Even after his conviction, Brantley had trouble giving up the good life, according to Tindall. His monthly expenses included $621 on landscaping and $112 for a "Pooper Scooper service," court records show. His net worth was more than $900,000 in 2016, Tindall said in a legal filing in the case.

"Brantley and his family grew accustomed to his lavish lifestyle, supported by his fraud, and have lost touch with what an average family subsists on in Tarrant County," Tindall wrote in 2016.

Tindall filed a motion in October, saying Brantley has for more than a year "demonstrated a wanton disregard for his restitution obligations." Brantley obstructed justice by "thwarting" the government's requests for financial information and its attempts to collect, he said.

After Brantley refused to sell his luxury SUVs and buy a less expensive car, U.S. marshals in September 2016 seized his Chevrolet Suburban from his home, court records show. But when they couldn't find his 2015 Cadillac Escalade to seize, they agreed to let him sell it and keep $15,000 from the proceeds to buy a less expensive vehicle, according to records.

But Brantley was not willing to downgrade his ride, the government says.

He instead used the money to lease a 2016 Cadillac Escalade, Tindall said. He then titled it in his mother-in-law's name "in an attempt to disguise the transaction" even though his wife, Anna, uses the vehicle, the government motion said.

Brantley started a new business called Advantage Heating, Air Conditioning & Plumbing after the government banned him from issuing Federal Housing Administration mortgages. But he has ignored the government's demands to see the air conditioning business records, the motion said.

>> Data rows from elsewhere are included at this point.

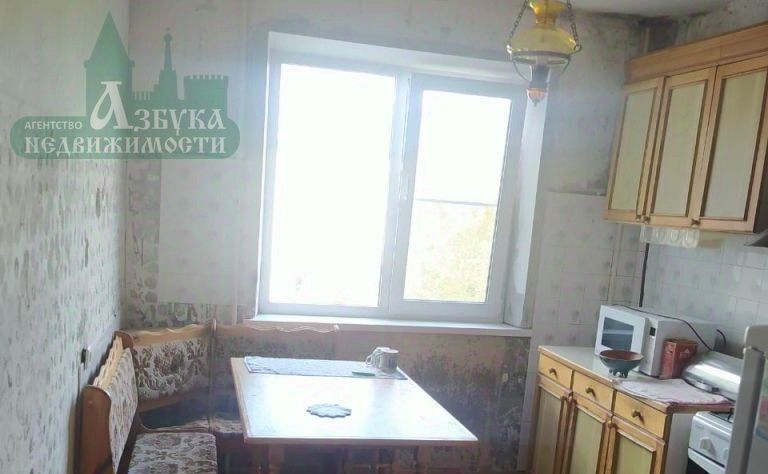 квартира г Смоленск р-н Промышленный ул Соболева 105б фото 2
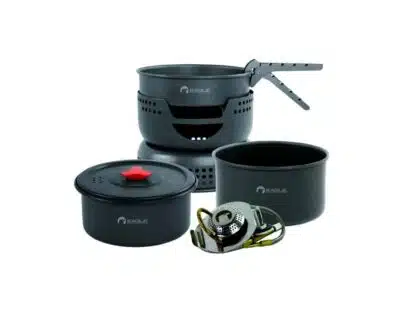 EAGLE Products Stormy Stormkjøkken | Arctic-Fritid.no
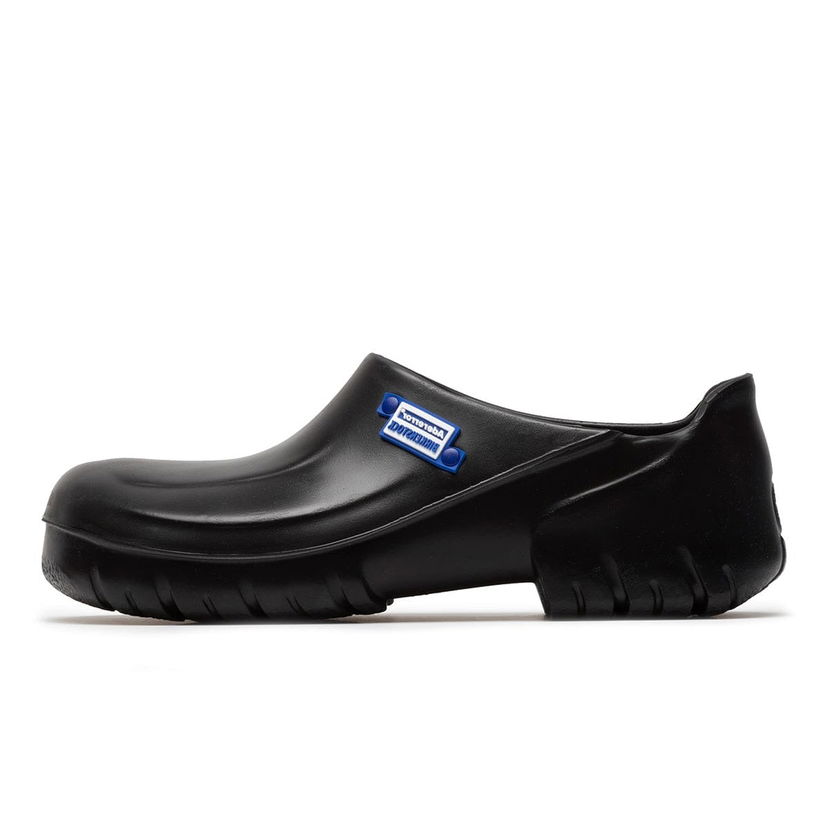Кецове и обувки Birkenstock A630 ADER ERROR Черно | BLBSSSD01BK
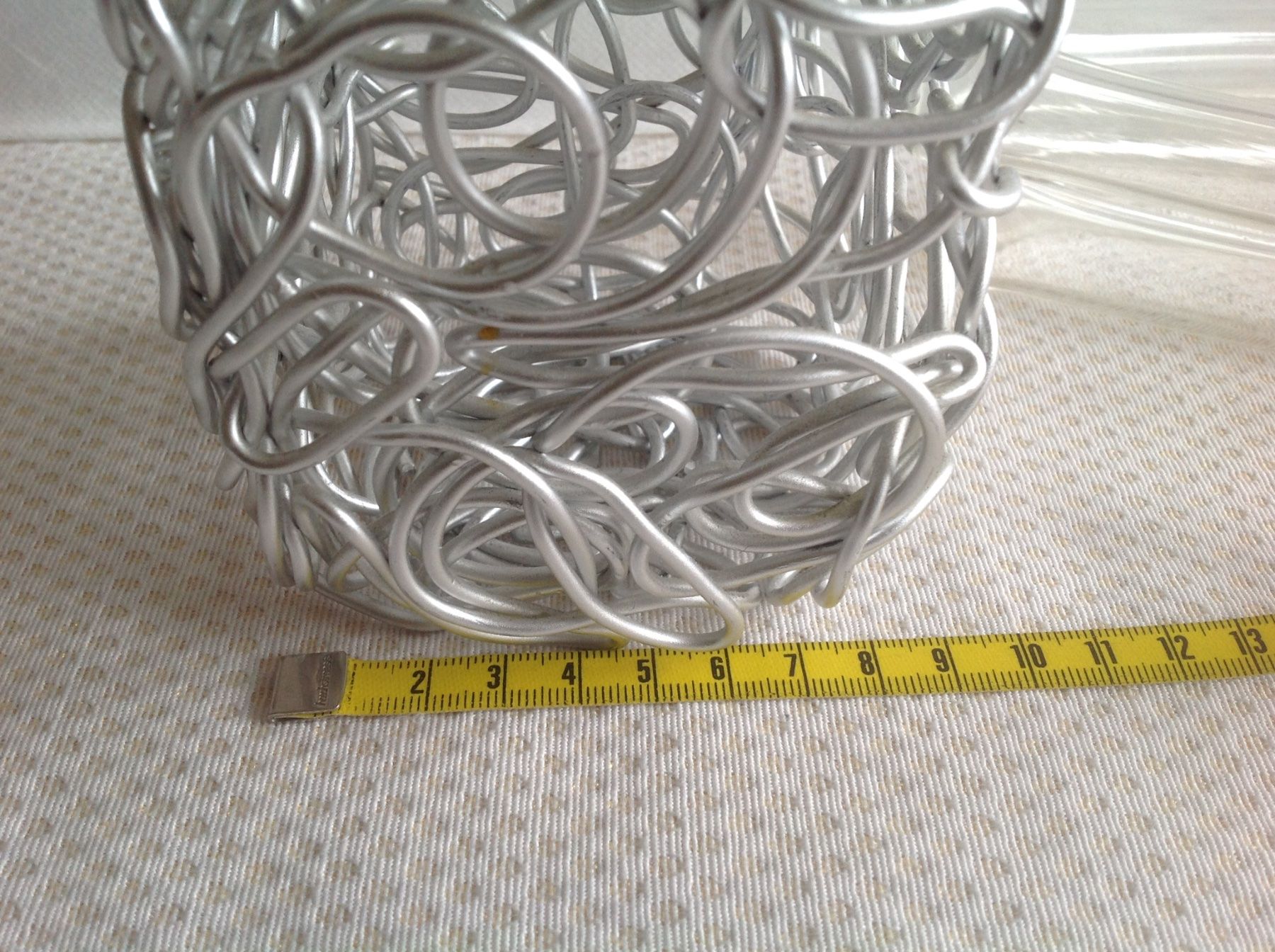 Alessi Vasi & Recipienti: Alessi - Nuvem - vase – Usato da Sion venduto da accroshoes 5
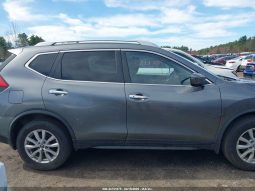 
NISSAN ROGUE SV, 2017 full									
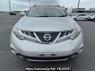 Used 2011 AT nissan murano TZ51 Image[1]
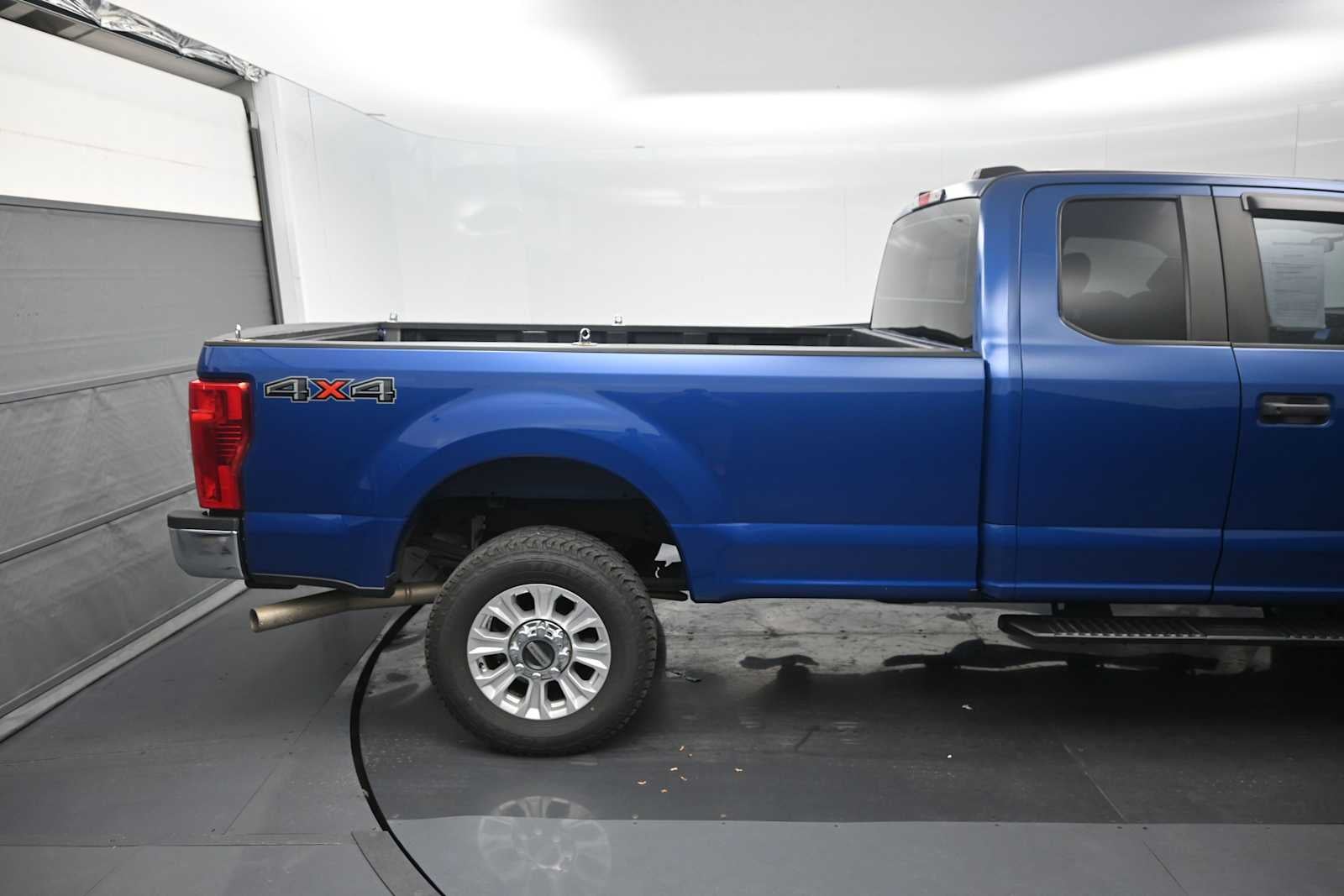 2022 Ford Super Duty F-250 Pickup XL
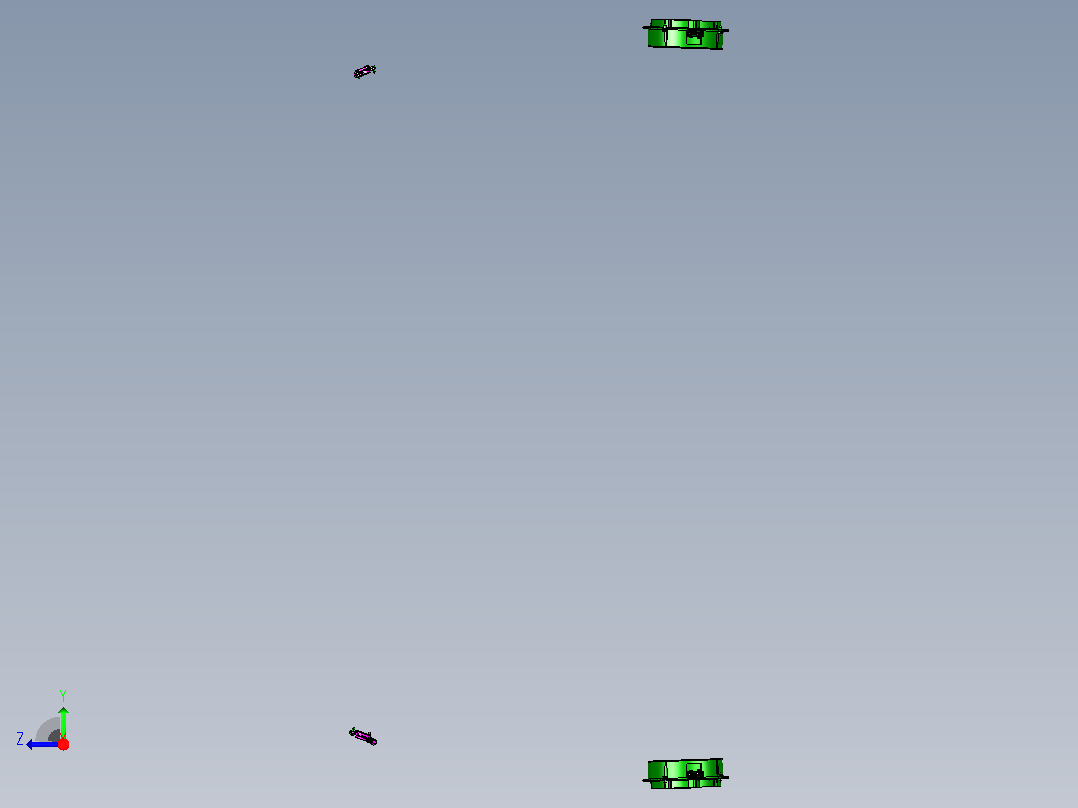 FNA7909001_扬声器装置右视图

Brantley put the business in his wife's name, and Anna Brantley earns about $120,000 per year despite not playing a large role in the company, Tindall said.

Brantley earns just $36,000 per year from the business despite working 80 hours a week, Tindall said. Their business earned over $1 million in revenue in 2016, Brantley told prosecutors.

The government says Brantley also improperly transferred "substantially all of his assets" to Anna in a "post-nuptial agreement" they signed months before his November 2015 plea deal and sentencing. Brantley told the government during a court-ordered deposition last year that he did it "for the best interest of my wife and my children and myself.

The couple is using the agreement as a "shield" to block the government's attempt to get him to pay his restitution, Tindall said in his motion.

Despite government warnings that Brantley needed to curb his spending, he continues to pay for pool service, a concierge doctor and expensive hotels, Tindall said. Brantley, for example, stayed at an Omni Hotel in San Antonio for $400 per night in February 2016. And he spent more than $5,000 at Horseshoe Bay Resort near Austin.

Brantley has resisted the government's efforts to get him to sell his Southlake house, valued at about $939,825, saying he needs it based on his family's size and the school district, court records show. If he did sell, about $500,000 in equity he owns could go toward his restitution, Tindall said in his motion.

Brantley says in court documents that his mother-in-law is leasing the Escalade for her daughter and noted that it is his wife who owns the heating and air business.

Brantley's attorney told the judge in court filings that his client has taken their four children out of private school to cut expenses. Brantley said he also surrendered his 401k and his children's college funds to the government.

"Brantley's credit has been ruined because of this case and he does not possess any credit cards in his name," St. John said.